Im Wahlaufruf der NSDAP vom März 1932 hieß es: „Der Führer […] fordert heute im Namen dieses Volkes das System in die Schranken.“ Im abwertenden Sinne war der Ausdruck „Systemzeit“ in den 1920er Jahren auch von konservativen und völkischen Kreisen benutzt worden.

Was ist mit System, bei der Verwendung der FPÖ gemeint, denn mit der Systemzeit in Österreich hat unser jetziges Umfeld recht wenig zu tun?

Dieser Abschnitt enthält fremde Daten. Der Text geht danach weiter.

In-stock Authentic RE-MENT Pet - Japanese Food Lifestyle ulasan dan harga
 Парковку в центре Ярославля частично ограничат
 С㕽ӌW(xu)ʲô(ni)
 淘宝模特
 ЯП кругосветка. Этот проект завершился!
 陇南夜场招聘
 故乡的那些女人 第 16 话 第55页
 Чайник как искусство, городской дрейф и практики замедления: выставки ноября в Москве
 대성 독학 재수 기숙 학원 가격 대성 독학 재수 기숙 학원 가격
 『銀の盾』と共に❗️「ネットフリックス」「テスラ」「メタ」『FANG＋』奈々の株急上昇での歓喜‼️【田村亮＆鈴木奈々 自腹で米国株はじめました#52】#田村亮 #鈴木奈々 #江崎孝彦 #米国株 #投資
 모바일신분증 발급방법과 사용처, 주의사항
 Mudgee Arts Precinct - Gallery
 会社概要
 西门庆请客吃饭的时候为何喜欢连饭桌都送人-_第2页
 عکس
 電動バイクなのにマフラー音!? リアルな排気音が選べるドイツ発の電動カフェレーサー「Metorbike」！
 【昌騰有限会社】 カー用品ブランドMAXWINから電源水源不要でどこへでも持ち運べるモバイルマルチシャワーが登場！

Z.B. Die österreichische Presse war im Ständestaat geknebelt und missbraucht, sie wurde ab 1933/34 in ihrer Gegnerschaft zum Nationalsozialismus durch das Verbot der kommunistischen und sozialdemokratischen Presse enorm geschwächt. Sie wird jetzt als Systempresse (=Lügenpresse) bezeichnet, aber heute und hier gibt es Zeitungen jeder Couleur, national oder international, verschiedene Sender, privat oder öffentlich. Und alle Kanäle zu internationalen Sendern stehen offen. Diese Kneblung  ist doch ein keinster Weise vergleichbar mit der heutigen Situation.

Ein weiteres Beispiel zur „Unvergleichbarkeit: Die Christlichsoziale Partei war in der Ersten Republik der politische Arm der katholischen Kirche. Sie konnte sich daher weitgehend auf deren Unterstützung verlassen und darauf verzichten, selbst eine massenhafte Mitgliederbasis und ein eigenes dichtes Vereinsnetzwerk aufzubauen. Die CSP war stark föderalistisch mit je nach Bundesland differierenden Strukturen organisiert. In der 1933/34 schrittweise durch die christlichsoziale Regierung errichteten Diktatur ging sie de facto in der neu geschaffenen Einheitspartei Vaterländische Front auf (und wurde schließlich auch formal aufgelöst).

Wir haben heutzutage kein Naheverhältnis der Parteien bzw. politischen „Lager“ zur Kirche oder zu bewaffneten paramilitärischen Verbänden (Republikanischer Schutzbund, Heimwehren, Frontkämpferverbände). Es gibt in unserer Zeit kein dem Justizpalastbrand ähnliches Ereignis, bei dem mit Waffengewalt gegen Demonstranten vorgegangen worden ist.

Derzeit besteht noch keine Weltwirtschaftskrise – wie in dreißiger Jahren des vorigen Jahrhunderts – und keine Arbeitslosigkeit mit Ausgesteuerten. Und es gibt auch keinen Bürgerkrieg, wie damals, als Soldaten auf Bürger schossen.  

Ich glaube es ist hoch an der Zeit, die Spitze der FPÖ der Verwendung von „Nazi-Sprech“ nicht nur zu bezichtigen, sondern dafür auch juristisch zu verfolgen. Auch die AfD konnte von der europäischen Fraktion Identität & Demokratie ausgeschlossen werden!

Die Plakate der FPÖ für die Wahlen zum EU-Parlament halte ich für „gesichert rechtsextremistisch“.

FPÖ gegen das „System“

2 Gedanken zu “FPÖ gegen das „System“

  1. Christiane Sandpeck schreibt:

    Mich beschäftigen die Personen aus dem Dritten Reich, da mich Biografien sehr interessieren. Um zu verstehen, wie meine Eltern so wurden, im Handeln und Denken. Als ich zuletzt eine Bio zu Heinrich Himmler sah, bin ich sehr erschrocken. Denn das Auftreten von Herrn Kickel, ist streckenweise sehr ähnlich!